Bugnet's public pages let you publish acknowledged issues simply, fed from your real tracking. That acknowledgement is often worth more to players than the fix itself in the short term, it tells them they've been heard.

It Deflects Duplicate Reports

A big chunk of support volume is players reporting an issue you already know about. A known issues page answers "is this a known bug?" before they ask, so many of those duplicate reports and messages never get sent. That deflection meaningfully reduces your support load during a rough patch.

Bugnet's public tracker and known-issues view absorb these repeats, so you're not answering the same thing dozens of times. The page does support work for you, around the clock, at no per-view cost.

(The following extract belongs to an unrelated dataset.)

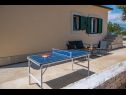 Házak a pihenésre Diana - pool and terrace: H(4+1) Pucisca - Brac sziget  - Horvátország  - részlet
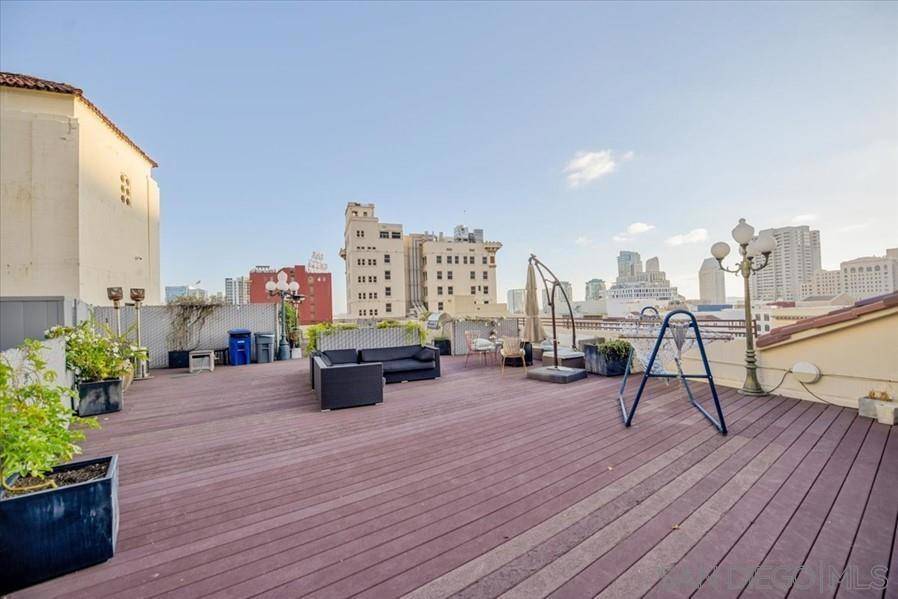 San Diego, CA 92101,950 6th Ave #211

It's a Lighter Commitment Than a Full Tracker

Compared to a fully public bug tracker, a known issues page is curated, you choose which problems to list, so it carries less exposure and commitment. You acknowledge the major issues without advertising every minor flaw, getting most of the trust and deflection benefit with less downside.

Bugnet lets you publish a curated public view while keeping your full bug list internal, so you control exactly what's shown. For most live games, that curated known-issues page is an easy yes; the only games that might skip it are finished titles with no active community.

Yes, for most live games. It builds patience by acknowledging problems and deflects duplicate reports, at low cost, with less commitment than a full public tracker.